Ivan Velisaljević of the 2013 Talent Press Sarajevo reviews Daniel Hoesl's riveting feature debut about class and culture SOLDATE JEANETTE.


Daniel Hoesl's SOLDATE JEANETTE

Daniel Hoesl's SOLDATE JEANETTE is a meditation on the value of money, as well as the courage to change ones lifestyle and socially constructed identity, done in the stylistic manner of the New German Cinema of the 1960s and 1970s. Hoesl claims he made this film without a screenplay, mixing experienced theatre actors, such as Johanna Orsini-Rosenberg (in the leading role of Fanni), with non-actors such as Christina Reichsthaler (in the role of Anna), letting them rely on their biographies to create scenes. His experience as an assistant director on the PARADISE trilogy adds to certain similarities with Ulrich Seidl's films, but Hoesl's approach is very different. Distancing effects in acting (Johana Rosenberg's strong presence and the deadpan acting style), cabaret-like soundtrack, ironical references to Godard, and the emphasis on the contrast between iconography, the social milieu of the working class and the bourgeoisie, relate Hoesl more to Fassbinder than to Seidl.

Fanni is a rich person who has money troubles, but who denies the problem until she is thrown out of her apartment. However, she is not impressed with material advantages, and invests much more effort into training in martial arts, going to massage sessions and adhering to wellness programs. These hints insinuate there is something more to Fanni than her denial of the bankruptcy problems she is having, details of which are never clarified. It is not really important what exactly is behind it; what matters is her decision to make a radical break in her lifestyle, so she burns the money she has swindled and goes to a farm in the mountains. The shocking and intense scene of a butcher carving a cow in the slaughterhouse marks the transition to the second story. Hoesl not only intensifies his point about the split between the upper and lower classes, the urban bourgeoisie and the rural working class, civilization and nature, but also the split in the personalities of his heroines. Anna, the second female character in the film, feels at odds with her environment of hayricks and cow dung, where she is being insulted, bossed around and sexually exploited by her boss Ernst. So, when Fanni steals Ernst's car keys and gives her dress to Anna – urging her to leave the farm – Anna finally decides to take the step Fanni has already taken: but in the opposite direction.
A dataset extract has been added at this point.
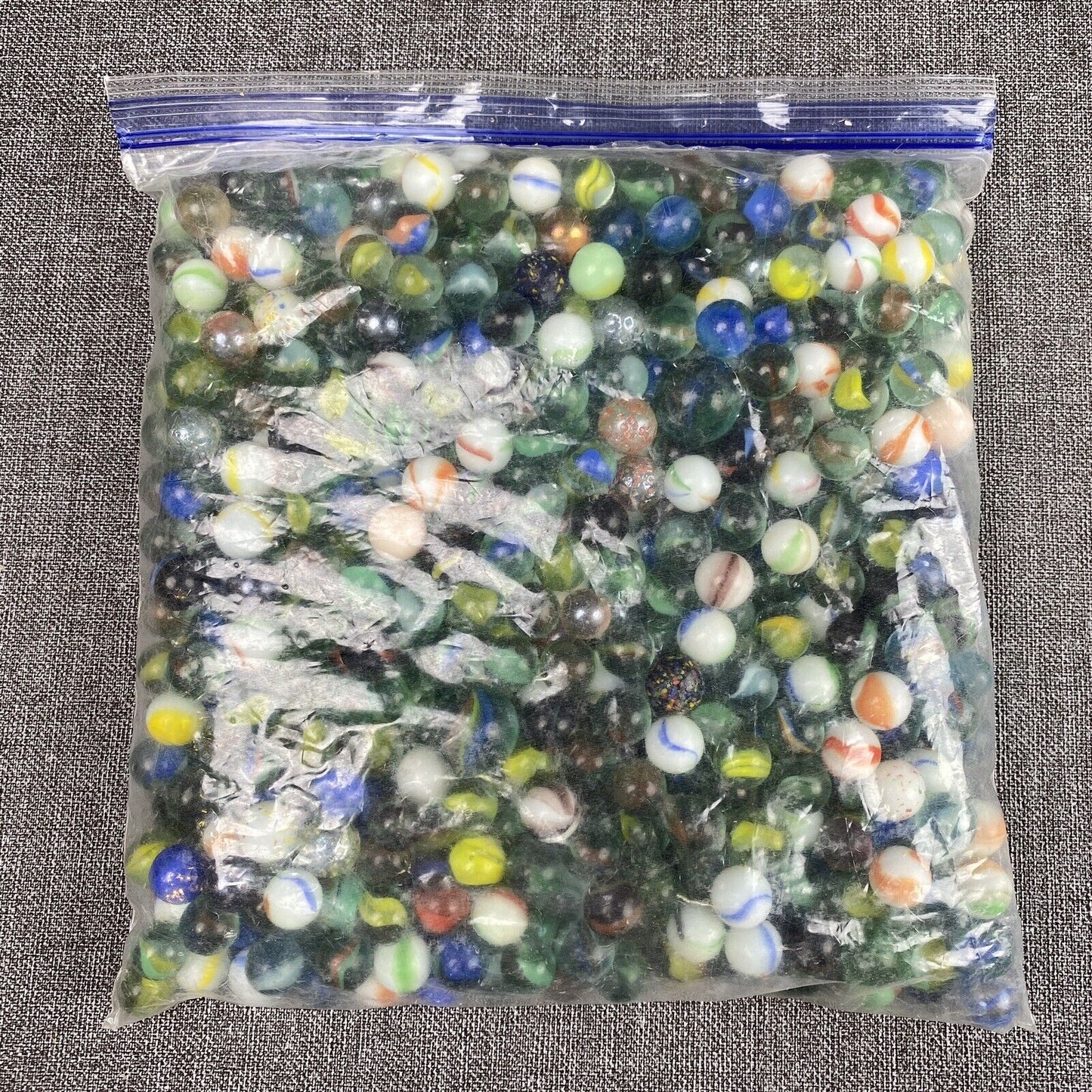 7 lb Lot of Vintage Marbles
Since it focuses on the two women and their decision to liberate themselves from their former existences, SOLDATE JEANETTE bears a very general resemblance to THELMA AND LOUISE – only it is a lot slower. The two women meet in the second half of the film, and when the police chase starts, the film ends. Moreover, in Hoesl's film the two women don't go on the road together, since each of them has a different goal in sight.

Hoesl is more concerned with the form and the political statement than with explaining every aspect of the narrative, but the lack of plausible causes and clear motivation is more than recouped by memorable actors, precise construction of shots, and the astute use of visuals. Many scenes are shot with almost no camera movements and with few cuts, the visual dynamic relying on the contrast between the configurations of spaces, and there are a number of very visceral moments, as well as scenes of striking visual beauty. Gerald Kerkletz, a cinematographer who worked with Markus Schleinzer on his Palme d’Or nominated film MICHAEL (2011), contrasts showrooms with washed-out colors, the sterile spaces of banks and boutiques where grey, brown and white dominate, with the very different palette of the farm, coloured in yellow, dark green and ochre. Bettina Köster's original music adds to the emotional impact of the story, and so does the song by the band Gustav, in the memorable scene when a herd of cows slowly passes through the shot.

Even though it leaves a lot of unexplained gaps in the narrative, and is more concerned with style and message than with a clear story, Hoesl's distinctive debut has a lot to offer the audience who is fond of this type of cinema.